Saved entries:
>>>>>
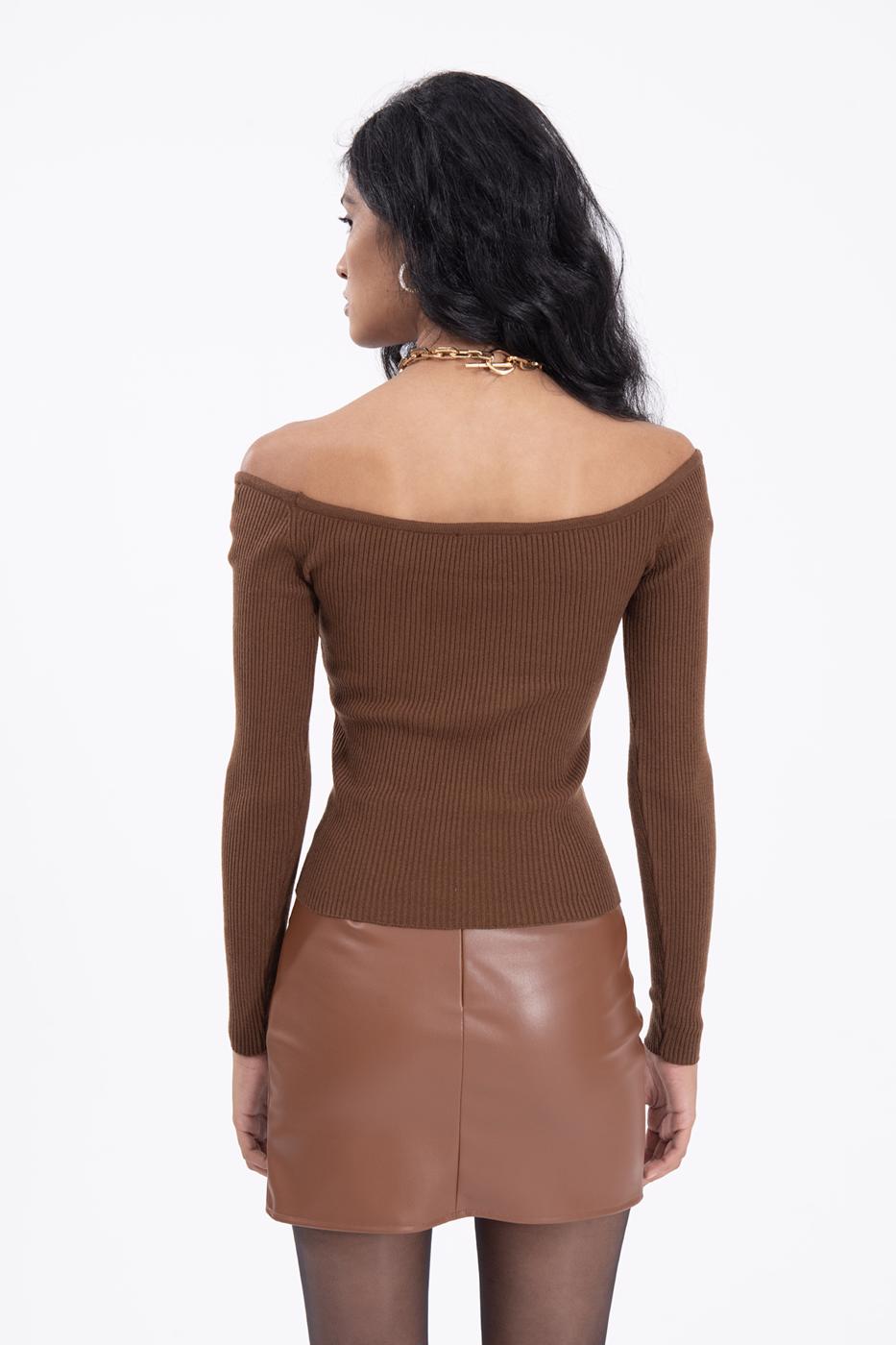 BSL Women Wide neck knitted top - Waldorf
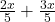  \frac{2x}{5} + \frac{3x}{5} 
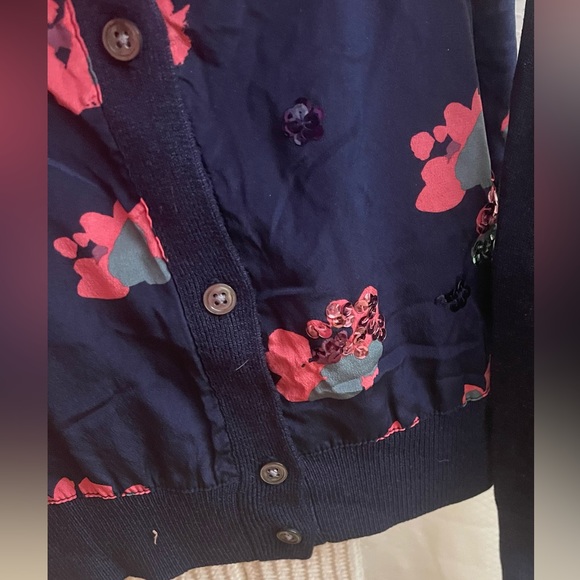 Donna Karan/DKNY silk & knit floral w/sequins blue button down cardigan Size L - Picture 3 of 8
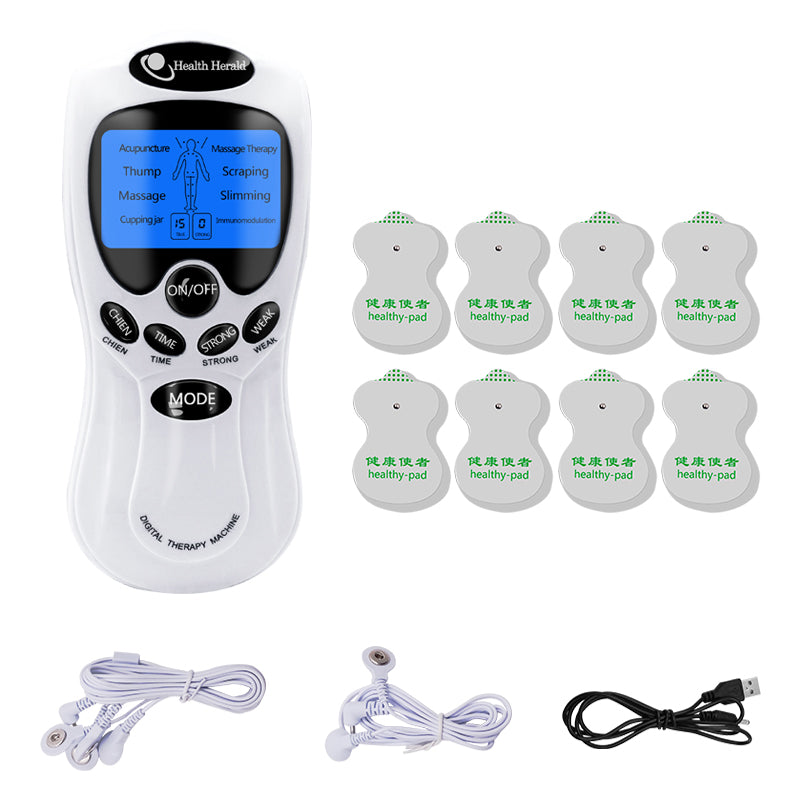 8-Mode Electric Tens Muscle Stimulator Ems Acupuncture Face Body Massager Digital Therapy Herald Massage Tool Electrostimulator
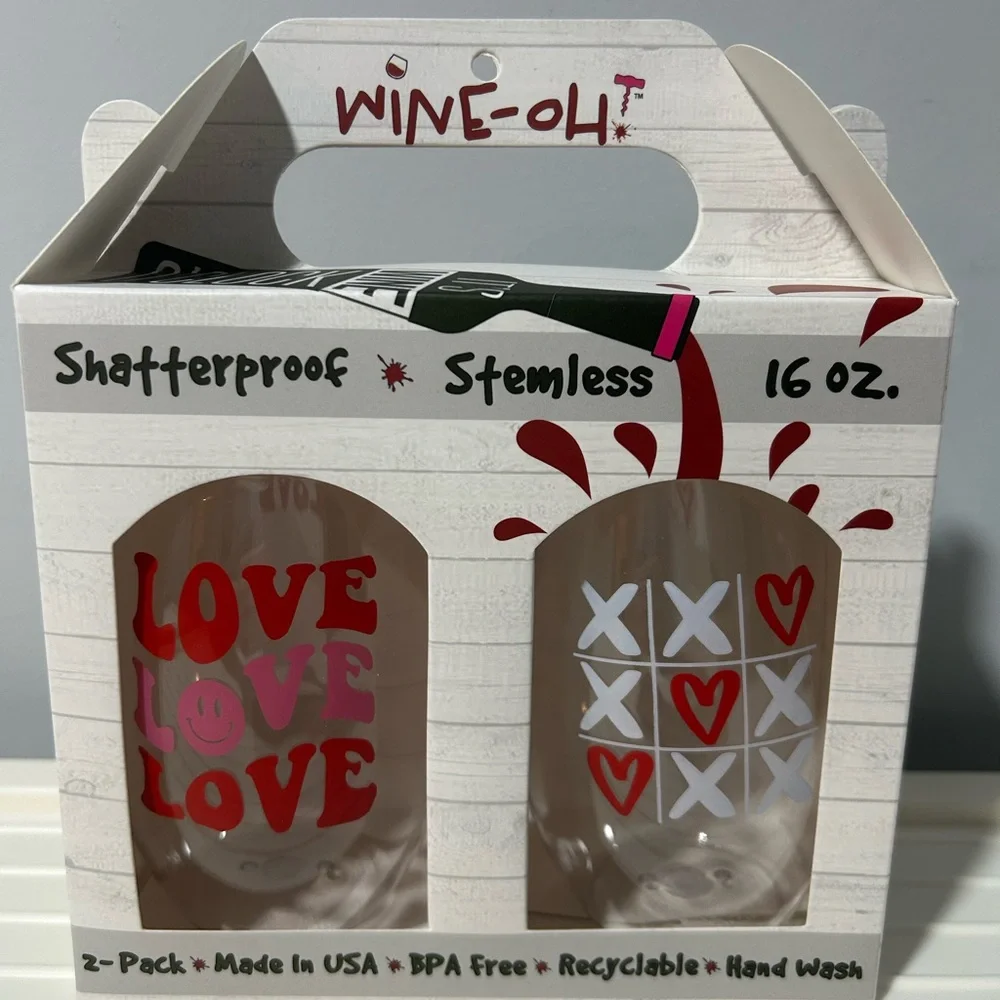 Love and Hearts Shatterproof Stemless Wine Glasses - Valentine’s/Galentine’s Day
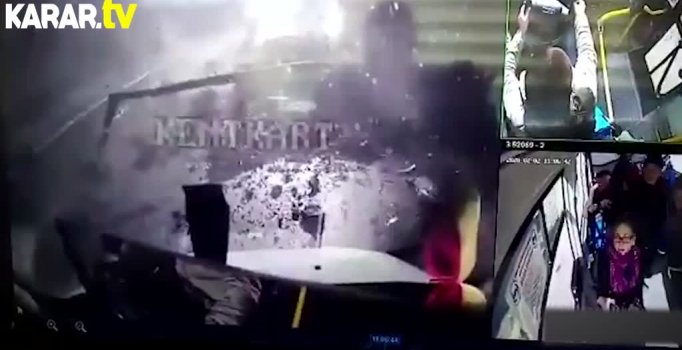 Ordu'daki heyelan anı kamerada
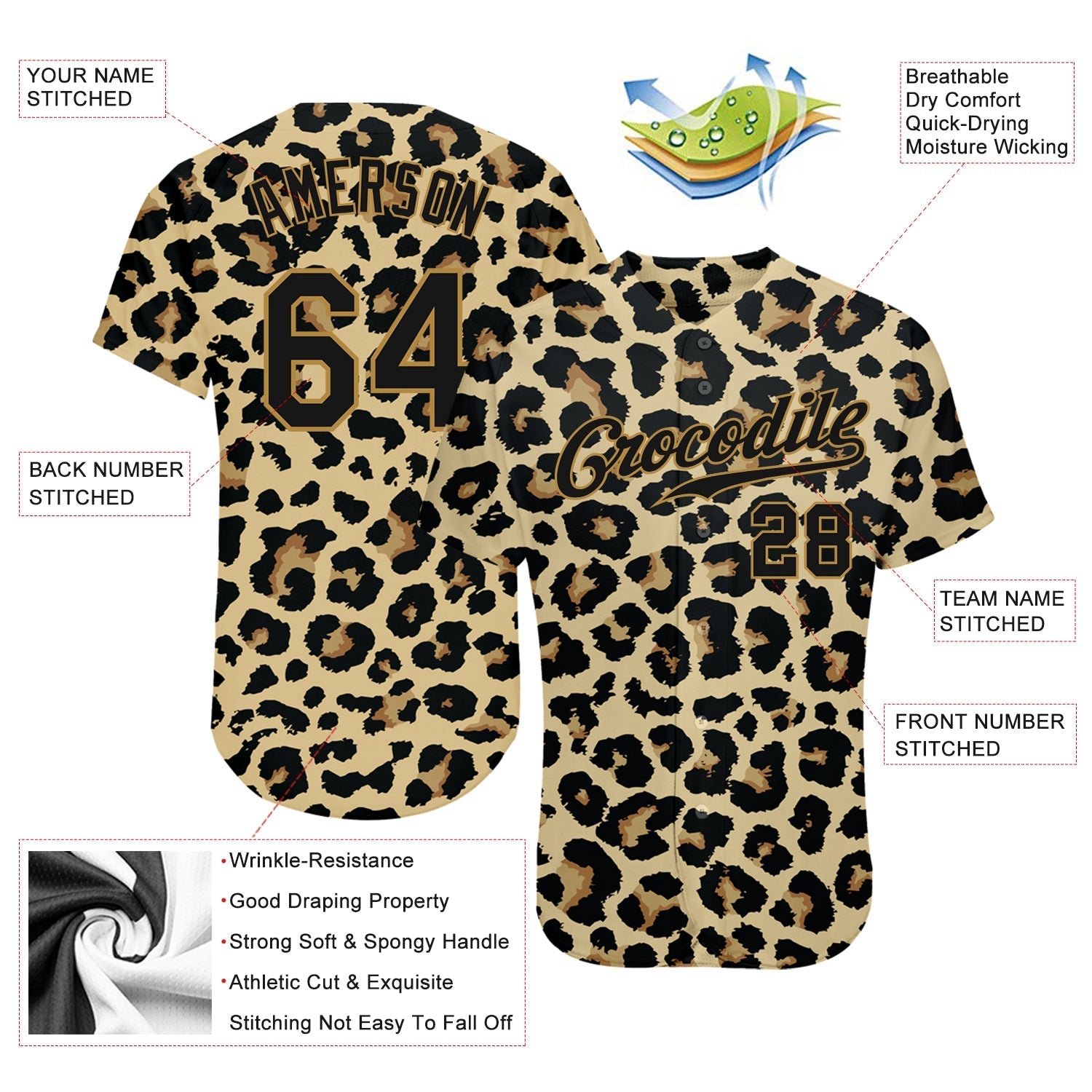 Custom Old Gold Black-Old Gold 3D Pattern Design Leopard Authentic Baseball Jersey baseball jersey product view 3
<<<<<
#### [Exercise description]
Each record should be quoted exactly, with the images omitted.

#### [Solved exercise]
 BSL Women Wide neck knitted top - Waldorf
  \frac{2x}{5} + \frac{3x}{5} 
 Donna Karan/DKNY silk & knit floral w/sequins blue button down cardigan Size L - Picture 3 of 8
 8-Mode Electric Tens Muscle Stimulator Ems Acupuncture Face Body Massager Digital Therapy Herald Massage Tool Electrostimulator
 Love and Hearts Shatterproof Stemless Wine Glasses - Valentine’s/Galentine’s Day
 Ordu'daki heyelan anı kamerada
 Custom Old Gold Black-Old Gold 3D Pattern Design Leopard Authentic Baseball Jersey baseball jersey product view 3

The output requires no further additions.